Record excerpts section start

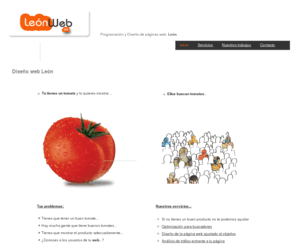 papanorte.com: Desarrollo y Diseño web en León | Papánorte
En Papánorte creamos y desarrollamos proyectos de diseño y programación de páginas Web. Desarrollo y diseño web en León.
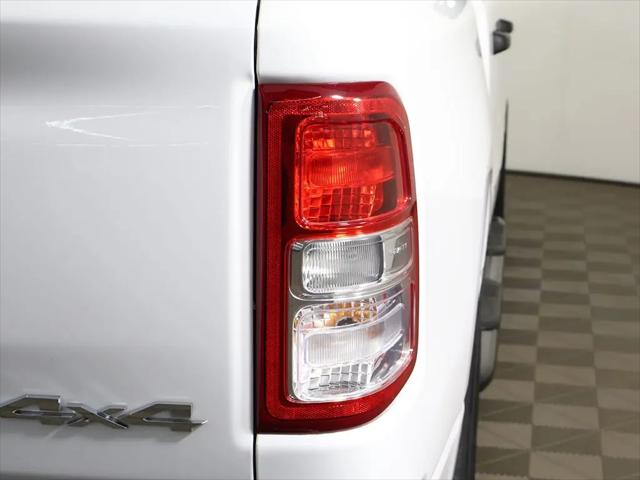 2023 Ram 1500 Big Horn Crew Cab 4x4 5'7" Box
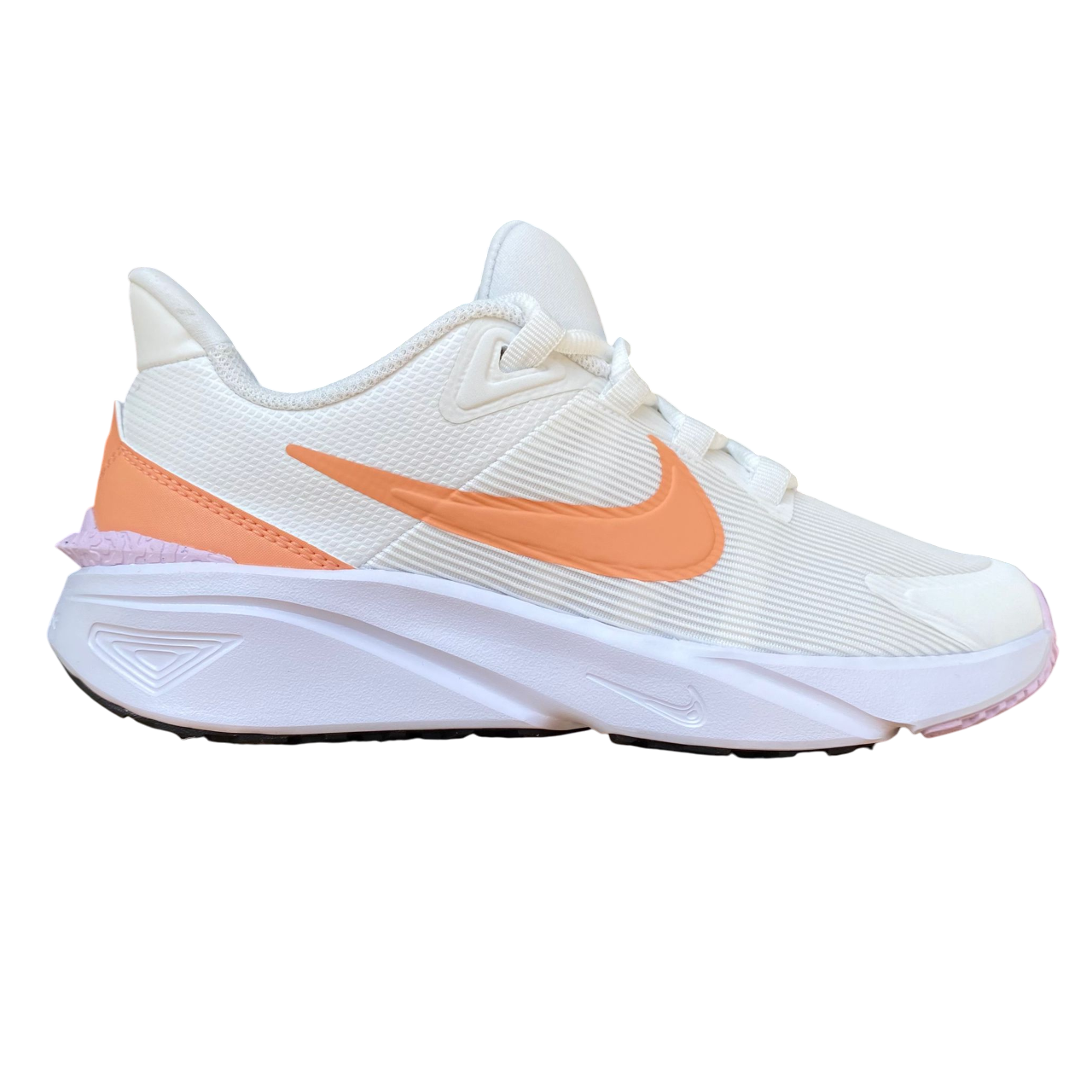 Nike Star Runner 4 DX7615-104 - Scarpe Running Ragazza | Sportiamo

Record excerpts section end
Record excerpts section start

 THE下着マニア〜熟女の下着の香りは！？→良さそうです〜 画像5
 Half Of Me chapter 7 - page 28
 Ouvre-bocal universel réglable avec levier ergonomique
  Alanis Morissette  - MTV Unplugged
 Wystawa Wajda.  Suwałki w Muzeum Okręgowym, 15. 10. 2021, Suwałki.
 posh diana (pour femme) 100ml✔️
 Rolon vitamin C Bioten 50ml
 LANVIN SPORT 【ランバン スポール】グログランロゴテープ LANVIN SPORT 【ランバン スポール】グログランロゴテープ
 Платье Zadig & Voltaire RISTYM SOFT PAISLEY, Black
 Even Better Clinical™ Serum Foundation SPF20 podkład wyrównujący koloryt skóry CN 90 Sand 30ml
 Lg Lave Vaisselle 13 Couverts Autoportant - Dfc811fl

Record excerpts section end

» **Your task**: Set down, exactly as they stand above, the lines starting with the line with "10. 2021, Suwałki." and going on through the line with "Платье Zadig &", and no others.

» **Task result**:
 Wystawa Wajda.  Suwałki w Muzeum Okręgowym, 15. 10. 2021, Suwałki.
 posh diana (pour femme) 100ml✔️
 Rolon vitamin C Bioten 50ml
 LANVIN SPORT 【ランバン スポール】グログランロゴテープ LANVIN SPORT 【ランバン スポール】グログランロゴテープ
 Платье Zadig & Voltaire RISTYM SOFT PAISLEY, Black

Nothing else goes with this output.